Glacis, außerhalb des die mittelalterliche Ringmauer umgebenden Stadtgrabens gelegene Wiesenflächen, die infolge der Zerstörung der Lücken vor und während der ersten Türkenbelagerung (1529) entstanden und danach mit Bauverbot belegt worden waren. Die Lücken konnten daher nachdem Abzug der Türken nur teilweise und in größerer Entfernung als zuvor wieder aufgebaut werden.
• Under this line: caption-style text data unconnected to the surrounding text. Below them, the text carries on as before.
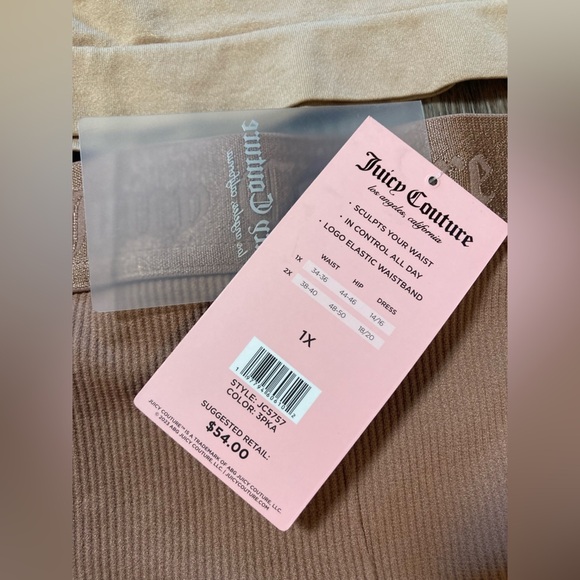 2 Pack JUICY COUTURE Women's 1X Ribbed Shaping Seamless Booty Shorts Tan Mauve - Picture 3 of 6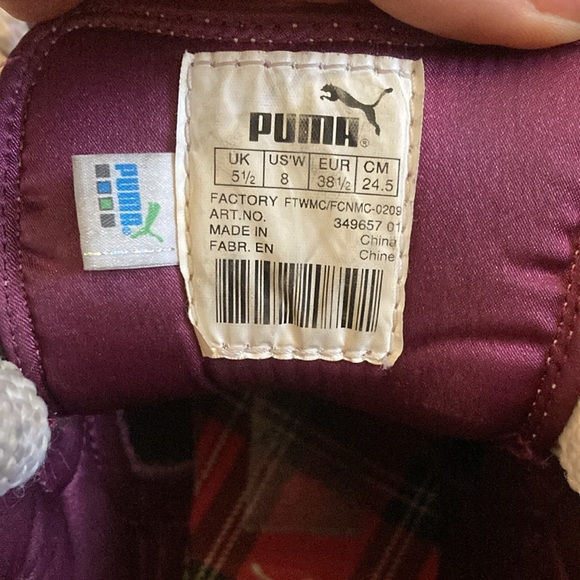 Puma Fiest Tartan Plaid High Top Sneakers - Picture 5 of 5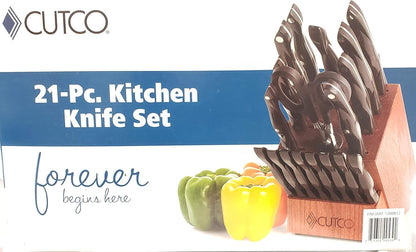 21 Piece Kitchen Set with Cherry Finish Oak Block, 8 Table Knives, Paring, Trimmers, Santoku Chopper Chef Knife, Carver, Slicer, Cheese Knife, Turning Fork, Shears, Peeler, Sharpener9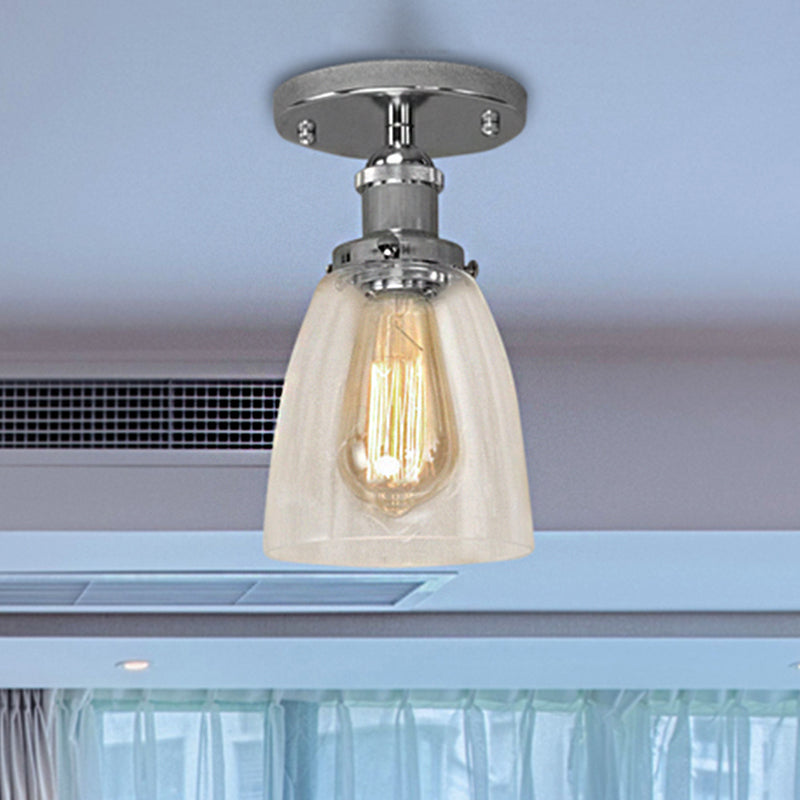 Luminaires de plafond à une ampoule, cône industriel en verre transparent, éclairage semi-encastré en argent/laiton/rouille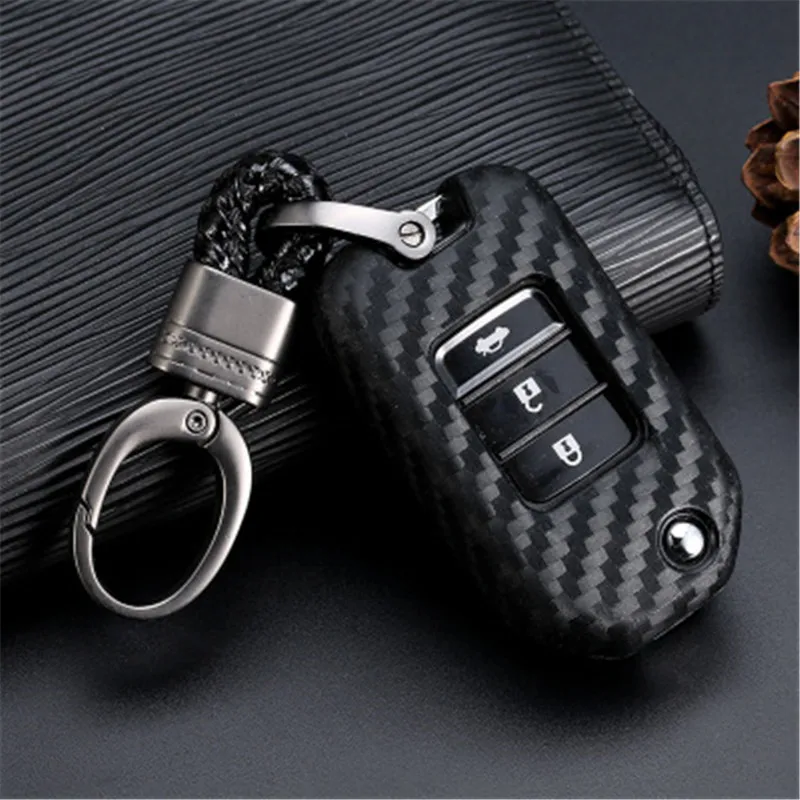 

Carbon Fiber Silicone Car Key Case Foding Flid Keychain Remote Cover for Honda 2016 2017 CRV Pilot Accord Civic key wallet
Infolge kaiserlichen Befehls vom 15. März 1588 betrug der Bauverbotsrayon vor der Stadtbefestigung zunächst 50 Klafter (das sind 95 m), wurde aber im Lauf der Zeit immer weiter ausgedehnt: am 8. Juli 1632 auf 200 Schritt (150 m), am 21. November 1662 auf 200 Klafter (380 m) und 1683 auf 600 Schritt (450 m); damals mußten auch Weingärten gerodet werden.
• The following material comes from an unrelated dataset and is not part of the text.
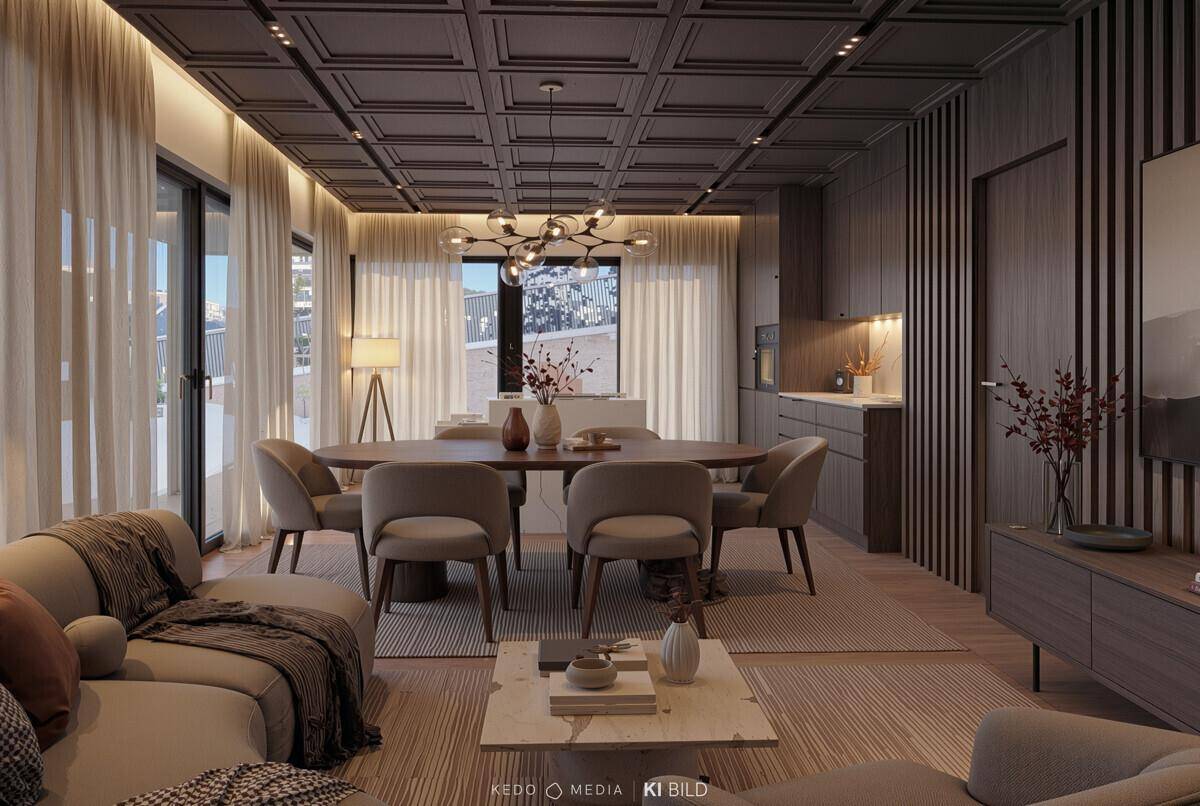 Eleganter Essbereich mit Holztäfelung und großen Fenstern, verbunden mit dem Wohnbereich.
Seither verlief der äußere Glacisrand (von Donaukanal zu Donaukanal) entlang der heutigen Straßenzüge Hintere Zollamtsstraße, Invalidenstraße und Am Heumarkt (3), Brucknerstraße, Karlsplatz und Treitlstraße (4), Getreidemarkt (6), Messeplatz und Museumstraße (7), Auerspergstraße, Friedrich-Schmidt-Platz und Landesgerichtsstraße (8) sowie Garnisongasse, Schwarzspanierstraße und Berggasse (9); stadtauswärts entwickelten sich die Vorstädte neu.
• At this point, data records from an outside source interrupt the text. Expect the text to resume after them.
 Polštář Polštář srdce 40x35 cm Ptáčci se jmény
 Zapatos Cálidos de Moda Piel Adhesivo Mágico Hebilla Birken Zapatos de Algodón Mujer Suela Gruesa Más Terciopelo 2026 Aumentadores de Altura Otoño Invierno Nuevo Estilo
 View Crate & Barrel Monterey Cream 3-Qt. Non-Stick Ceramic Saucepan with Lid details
Am 17. Jänner 1770 ordnete Joseph II. die Regulierung des Glacis an (Anlage von Fußgeher- und Fahrstraßen, Pflanzung von rund 3.000 Alleebäumen [ab 1781]). Die neuentstandenen Grünflächen wurden dem Magistrat zur Nutzung übergeben. Von der Bevölkerung wurde das Glacis sehr bald als Erholungsgebiet akzeptiert; das beliebteste Glacis war das Wasserglacis, wo Mineralwässer ausgeschenkt wurden. Zur Verbesserung der Sicherheit wurden deshalb 1776 Laternen zur Beleuchtung aufgestellt (1786 wurden auch die Vorstädte mit öffentlichen Beleuchtungsanlagen ausgestattet). Auf dem Glacis verrichteten auch Gewerbetreibende Arbeiten, die innerhalb des dicht verbauten Stadtgebiets nicht ausgeführt werden konnten; so pflegten Buchdrucker ihre Farbe und Firnissieder ihre Erzeugnisse hier zu bereiten. Außerdem arbeiteten hier Zimmerleute und Steinmetze teils im Freien, teils in provisorischen Scheunen. Zahllose Obst- und Fischweiber, Trödler, Käsestecher und so weiter hatten auf dem Glacis ihre „Standeln" aufgeschlagen. Im Verbrennhäusel (etwa l, Beethovenplatz) wurden außer Kurs gesetzte Banknoten verbrannt. Nach und nach entwickelte sich das Glacis zum beliebten Aufenthaltsort der Wiener, die die schattenspendenden Alleen zum Promenieren aufsuchten; die Bezeichnung Glacis wurde allmählich durch „Esplanade" verdrängt.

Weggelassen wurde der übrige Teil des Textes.